Publicada em 27/11/2020
A pandemia aumentou a
pressão por um Refis da Covid-19, com parcelamento de débitos das dívidas de
empresas e pessoas físicas, que cresceu com a volta do pagamento dos impostos
que tinham sido suspensos. O presidente da Câmara, Rodrigo Maia (DEM-RJ), deu
encaminhamento a projeto de lei que cria o Programa Extraordinário de
Regularização Tributária durante a pandemia. Desde maio, o projeto estava
esperando o despacho de Maia para seguir a tramitação nas comissões na Câmara.
O novo Refis foi apresentado pelo deputado Ricardo Guidi (PSD-SC). Já há
requerimentos para votação da urgência (ou seja, furar a fila para apreciação
no plenário).
Guidi defende sua proposta de lei como exemplo de medida fiscal
adotada internacionalmente, em razão da pandemia, em especial por países como
Estados Unidos, China, Japão, Coréia do Sul, Reino Unido, Itália, Alemanha e
França. Com a volta da cobrança dos impostos, os contribuintes precisam pagar
no mesmo mês duas vezes o mesmo imposto: o valor que estava suspenso e o do mês
corrente.
Na área técnica do Ministério da Economia, no
entanto, há uma avaliação de que quanto mais Refis são abertos, um número maior
de contribuintes deixa de pagar regularmente os tributos.
Números apresentados
pelo Tesouro Nacional mostram que o governo tem a expectativa de recuperar
apenas 18% (ou R$ 441 bilhões) do total da dívida ativa acumulada pela União
nos últimos anos - a maior parte de impostos e contribuições ao INSS. Quase R$
2 trilhões da dívida ativa já são considerados como perdidos. É o chamado ralo
tributário, que na prática retira recursos do Orçamento. Os números foram
incluídos em relatório sobre os riscos fiscais do governo divulgado ontem pelo
Tesouro.
Para o Ministério da Economia, o alto valor reforça a
necessidade de avançar na reforma tributária para simplificar a tributação e
diminuir as brigas na Justiça entre o Fisco e os contribuintes.
Ainda de acordo com os dados do Tesouro, o valor do estoque de ações judiciais contra a União aumentou 324% de 2014 até junho de 2020, passando de R$ 560 bilhões para R$ 2,37 trilhões, sendo 66% de perda possível e 34% de perda provável, com elevada concentração de ações de natureza tributária (inclusive previdenciária). A realização de despesas anuais decorrentes de perdas judiciais tem acompanhado este movimento ascendente: enquanto em 2014 esse gasto foi de R$ 19,8 bilhões, para 2020 a estimativa chega a R$ 54 bilhões.
DEFESA
Para o ex-secretário-adjunto da Receita Federal Paulo Ricardo
Cardoso, neste momento de forte crise econômica a possibilidade de negociação
das dívidas tributárias poderia salvar empregos e empresas, e um novo
parcelamento poderia se justificar "diferentemente dos Refis do passado,
que não tinham fundamentos econômicos". "Nunca tivemos crises tão fortes
no passado quanto esta que justificassem aqueles Refis", afirmou.

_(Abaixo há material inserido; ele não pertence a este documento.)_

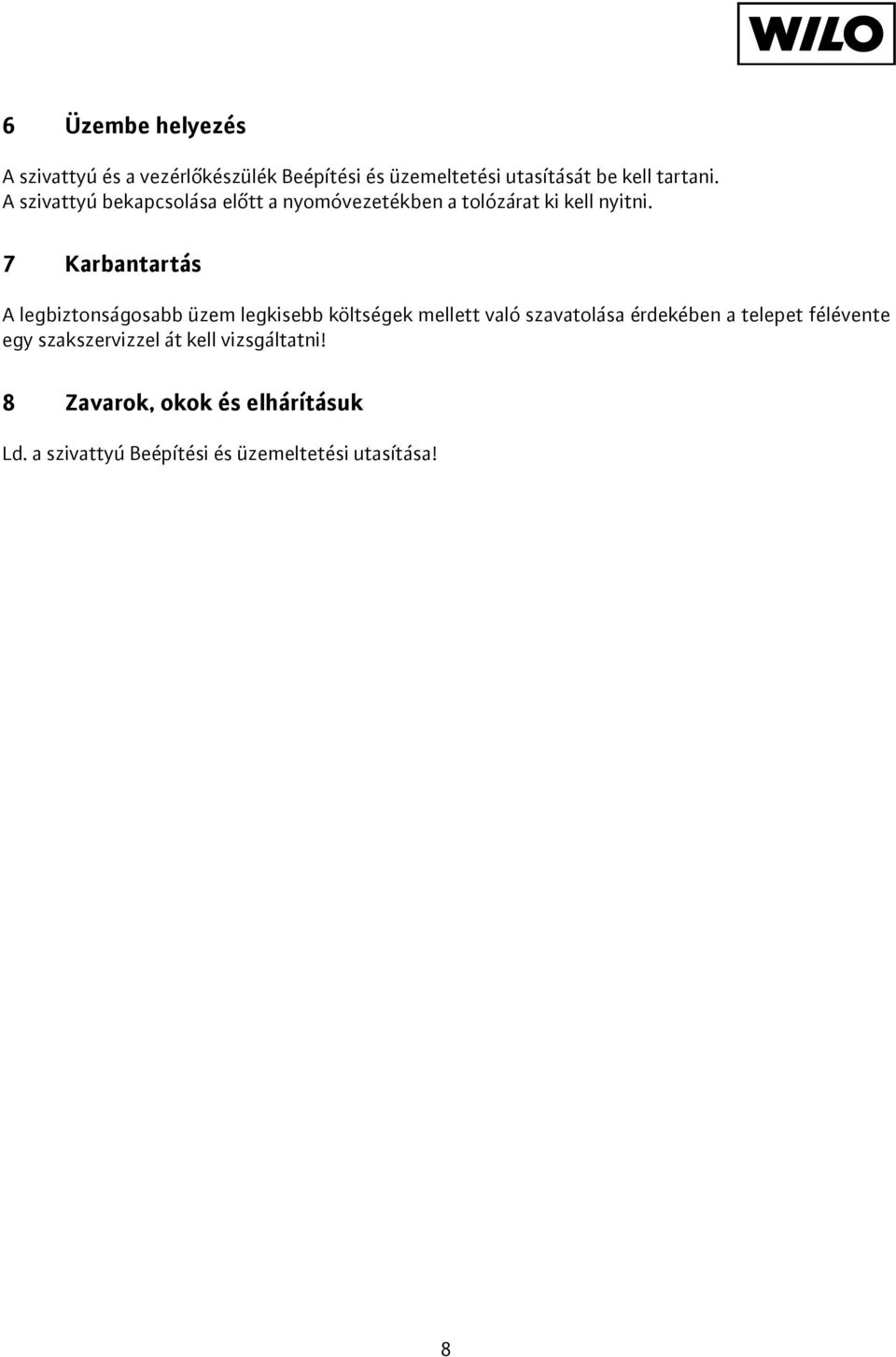 7 Karbantartás A legbiztonságosabb üzem legkisebb költségek mellett való szavatolása érdekében a telepet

O ex-secretário defende a adoção de mecanismo para favorecer os
bons contribuintes, que só não se manteriam de forma regular por não terem
atividade econômica e disponibilidade financeira, resultado do forte recuo da
atividade econômica principalmente no 1.º semestre. "Em geral, a dívida
que não é paga, que é rolada a cada Refis, não é dos bons contribuintes, mas
dos devedores contumazes", diz
O tributarista Luiz Bichara, da Bichara Advogados, avalia como difícil a
aprovação este ano do projeto, que tem de tramitar ainda nas comissões de
Constituição e Justiça (CCJ) e Tributação. "Acredito que depende também do
sucesso da transação tributária. Se vingar, diminui a pressão por Refis",
avalia Bichara.
Para ele, a transação está evoluindo bem, com uma postura elogiável da
Fazenda Nacional no sentido de resolver a situação concreta dos contribuintes,
reconhecendo o momento peculiar de crise aguda. A transação é uma espécie de
"Refis caso a caso" e permite descontos nas dívidas em atraso de até
70% para as empresas e 50% para pessoas físicas.
Para Bichara, não basta debater só a reforma tributária, mas sim métodos
melhores de cobrança. "Sabe qual o índice de recuperabilidade dos últimos
anos? 1%", aponta. Na sua avaliação, o governo federal deveria tratar os
créditos que ele próprio considera como irrecuperáveis como as empresas tratam
seus créditos podres. "Por que não vende, então? Faz um leilão. Se
conseguir 10%, dá quase a arrecadação gerada com a repatriação", sugere.